Islamists steal the show
The first two rounds of the 1999 speaker election were pretty much like yesterday’s ballot in 2015: the parties all backed their own candidates, knowing none would secure the 367 votes needed.
But the third round saw some dramatic shifts. MPs from the isolated FP shifted their allegiances en masse to the centre-right Anavatan candidate, Yıldırım Akbulut, while other parties stuck to their guns.
The FP’s move elbowed out the DSP’s Uluç Gürkan and meant the fourth round run-off was held between two right-wing candidates. Mr Akbulut was the runaway winner, far outstripping Mr Bahçeli’s man.
Notably, the MHP’s defeat did not have the catastrophic implications for the future government that many feared. Within a fortnight Mr Bahçeli had agreed to join the DSP and Anavatan in a coalition. What’s more, when Mr Akbulut’s term ended two years later, his replacement was from the MHP.
1999 showed any party can swing the result of the speakership. It also showed there is little point trying to understand Mr Bahçeli’s motives.
There are two possible outcomes in today’s voting. The first and likelier option will see voting taken to a fourth round, where the AK Party candidate İsmet Yılmaz will be pitted against another rival, probably the centre-left CHP’s candidate Deniz Baykal.
The votes of the smaller parties would hold sway here. We already know the pro-Kurdish HDP won’t back the AK Party candidate, which leaves the awkward Mr Bahçeli as kingmaker.
The MHP could back Mr Yılmaz and comfortably keep the speaker in AK Party hands for another term.

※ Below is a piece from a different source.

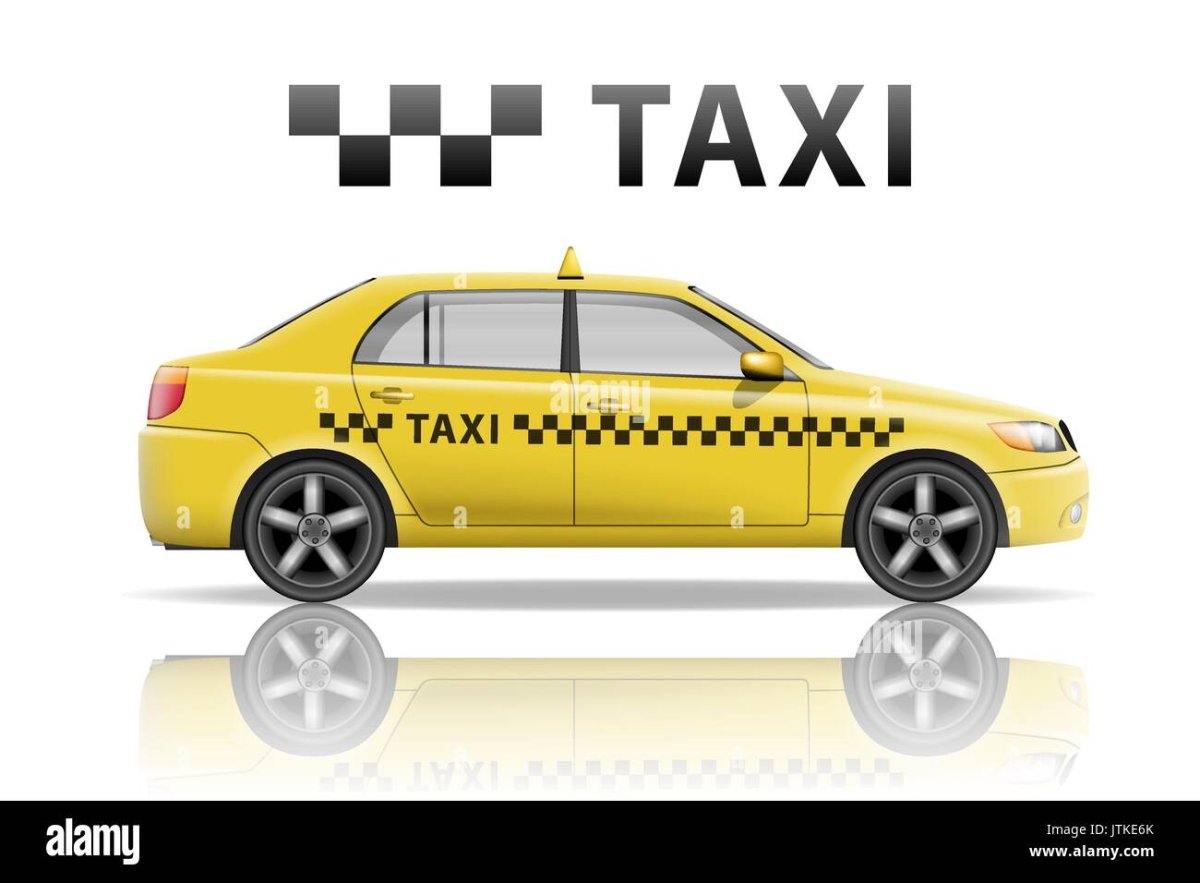 Такси на белом фоне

It could back Mr Baykal, although Mr Bahçeli has bizarrely declared he will not support any candidate that receives HDP votes.
Prepare to be surprised
The nationalists could also abstain from voting entirely – a move that would hand the speakership to Mr Yılmaz.
But the second possibility is for voting to be concluded without the need for a fourth round. Remember 1999, when the Islamist FP unexpectedly ditched their own candidate to change the outcome of the race. An MHP surprise in today’s third round is not out of the question.
Round three is at 3pm this afternoon.